(Free-text object descriptions)
========================================

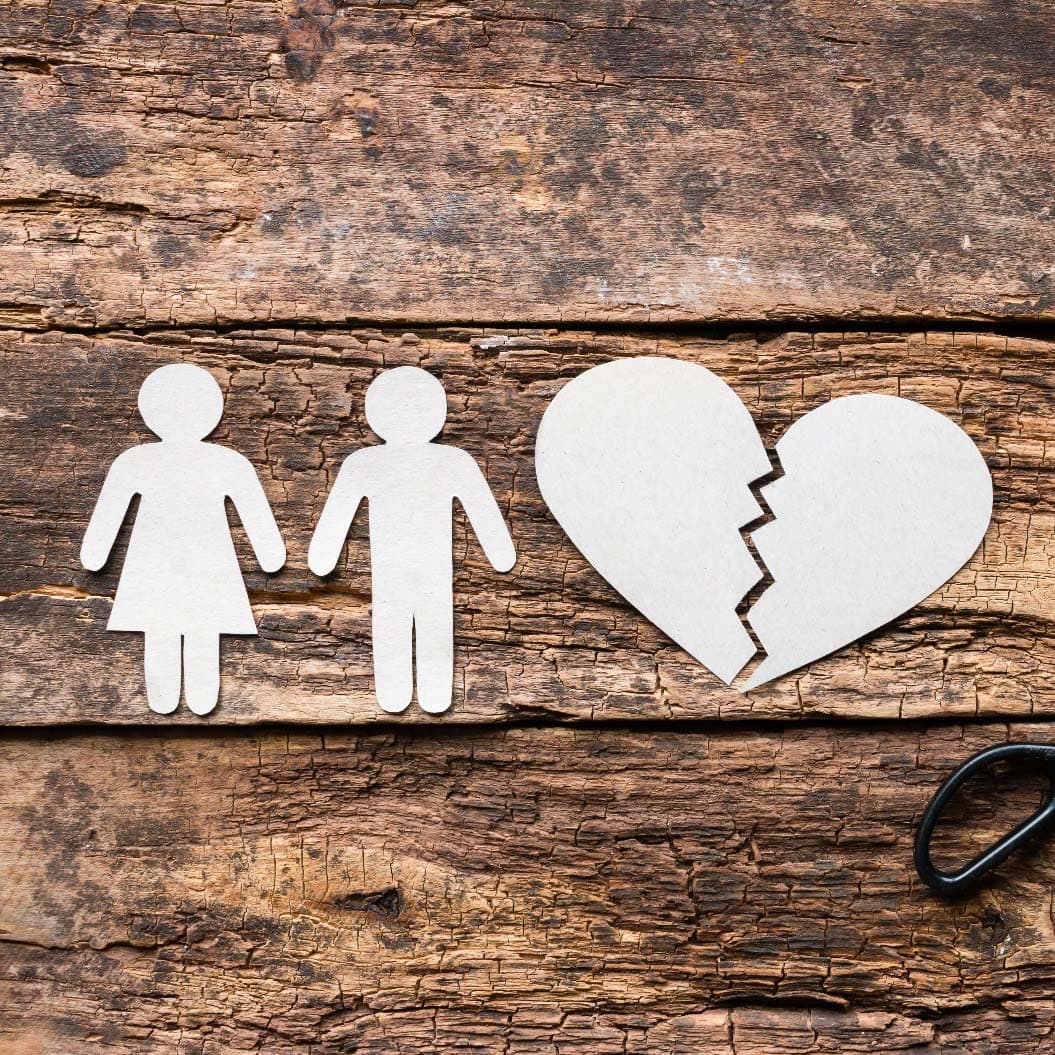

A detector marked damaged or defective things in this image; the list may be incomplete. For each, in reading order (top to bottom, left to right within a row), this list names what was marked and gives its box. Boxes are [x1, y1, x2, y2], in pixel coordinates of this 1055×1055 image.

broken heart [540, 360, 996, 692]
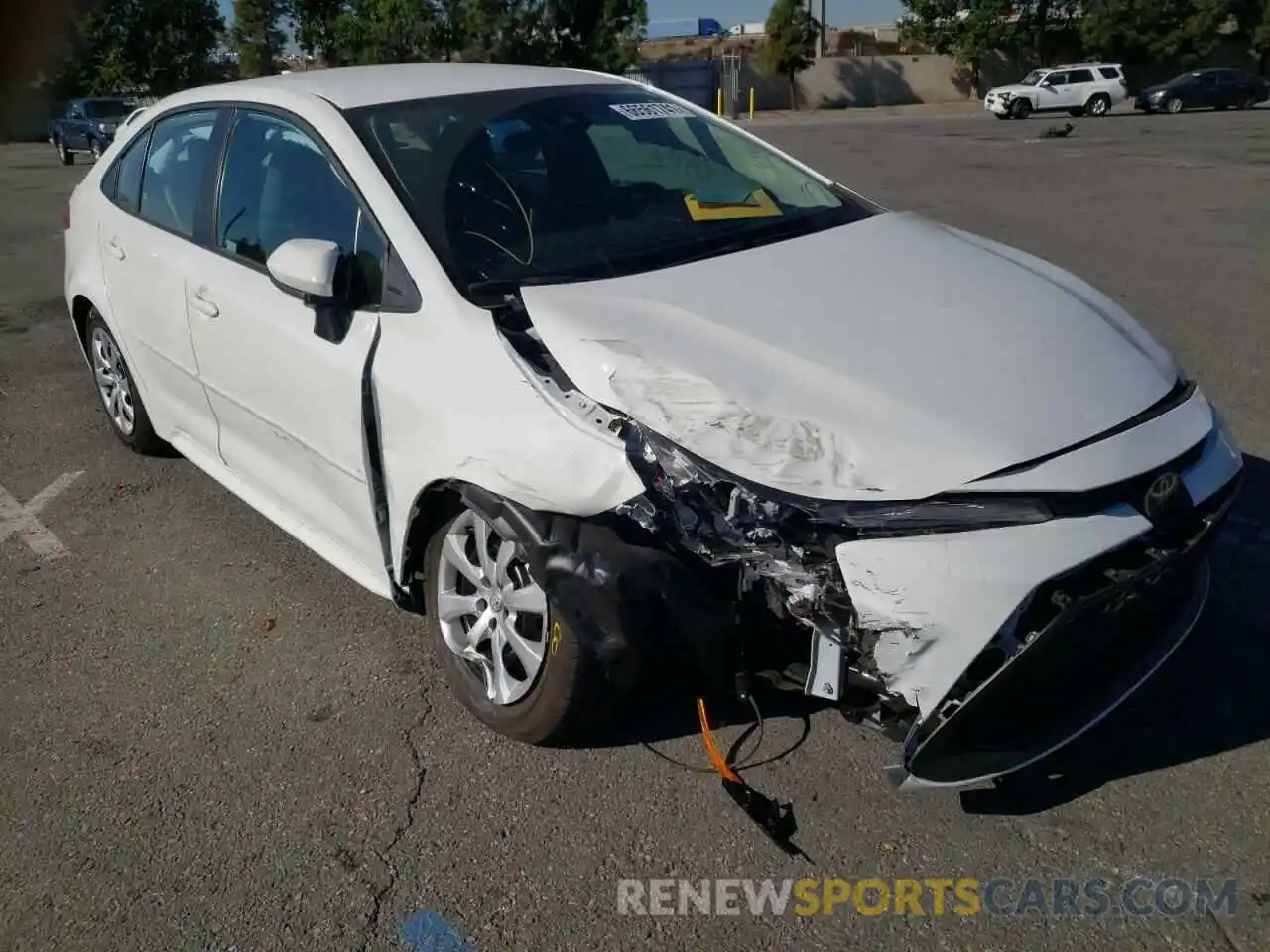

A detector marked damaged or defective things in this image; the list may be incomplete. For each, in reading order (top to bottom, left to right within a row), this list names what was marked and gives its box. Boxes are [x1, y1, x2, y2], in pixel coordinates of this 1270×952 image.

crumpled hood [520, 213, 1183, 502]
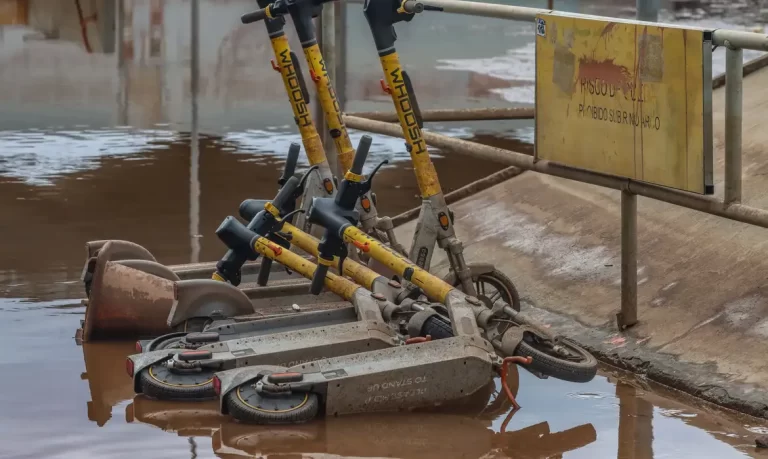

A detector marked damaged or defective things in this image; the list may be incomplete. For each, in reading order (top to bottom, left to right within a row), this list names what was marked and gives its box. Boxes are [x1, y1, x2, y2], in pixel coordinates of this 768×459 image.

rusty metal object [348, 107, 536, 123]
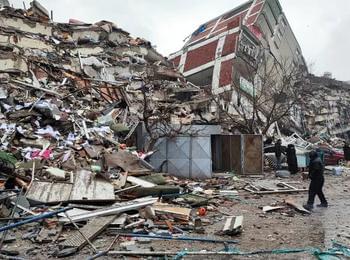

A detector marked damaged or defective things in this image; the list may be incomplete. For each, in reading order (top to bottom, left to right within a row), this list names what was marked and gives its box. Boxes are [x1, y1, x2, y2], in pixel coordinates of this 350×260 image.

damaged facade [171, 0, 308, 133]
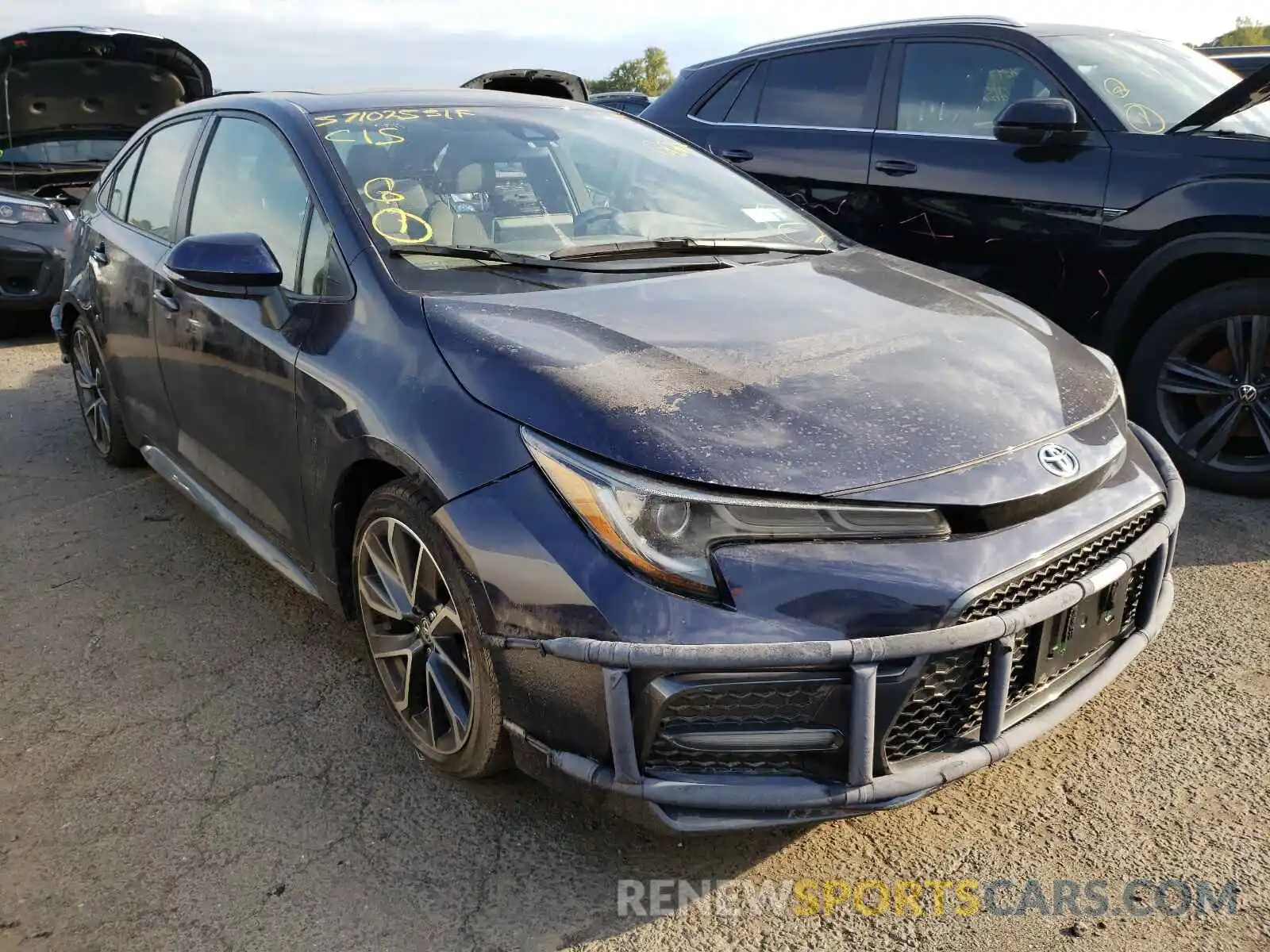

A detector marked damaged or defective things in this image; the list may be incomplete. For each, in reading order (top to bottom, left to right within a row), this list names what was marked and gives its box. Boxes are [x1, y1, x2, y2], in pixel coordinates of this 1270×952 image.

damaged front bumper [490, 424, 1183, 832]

========================================

**Exercise objective:**
The records above should be reproduced exactly, with the pictures omitted.

**Response to the exercise:**
A detector marked damaged or defective things in this image; the list may be incomplete. For each, in reading order (top to bottom, left to right within a row), this list names what was marked and gives its box. Boxes are [x1, y1, x2, y2], in pixel coordinates of this 1055×1055 image.

broken heart [540, 360, 996, 692]

A detector marked damaged or defective things in this image; the list may be incomplete. For each, in reading order (top to bottom, left to right within a row), this list names what was marked and gives its box. Boxes are [x1, y1, x2, y2], in pixel coordinates of this 1270×952 image.

crumpled hood [520, 213, 1183, 502]

A detector marked damaged or defective things in this image; the list may be incomplete. For each, in reading order (top to bottom, left to right within a row), this list names what was marked and gives its box. Boxes are [x1, y1, x2, y2], in pixel coordinates of this 768×459 image.

rusty metal object [348, 107, 536, 123]

A detector marked damaged or defective things in this image; the list may be incomplete. For each, in reading order (top to bottom, left to right within a row), this list names what was marked and gives its box. Boxes are [x1, y1, x2, y2], in pixel coordinates of this 350×260 image.

damaged facade [171, 0, 308, 133]

A detector marked damaged or defective things in this image; the list may be incomplete. For each, in reading order (top to bottom, left to right within a row), this list names what was marked and gives its box. Boxes are [x1, y1, x2, y2], in pixel coordinates of this 1270×952 image.

damaged front bumper [490, 424, 1183, 832]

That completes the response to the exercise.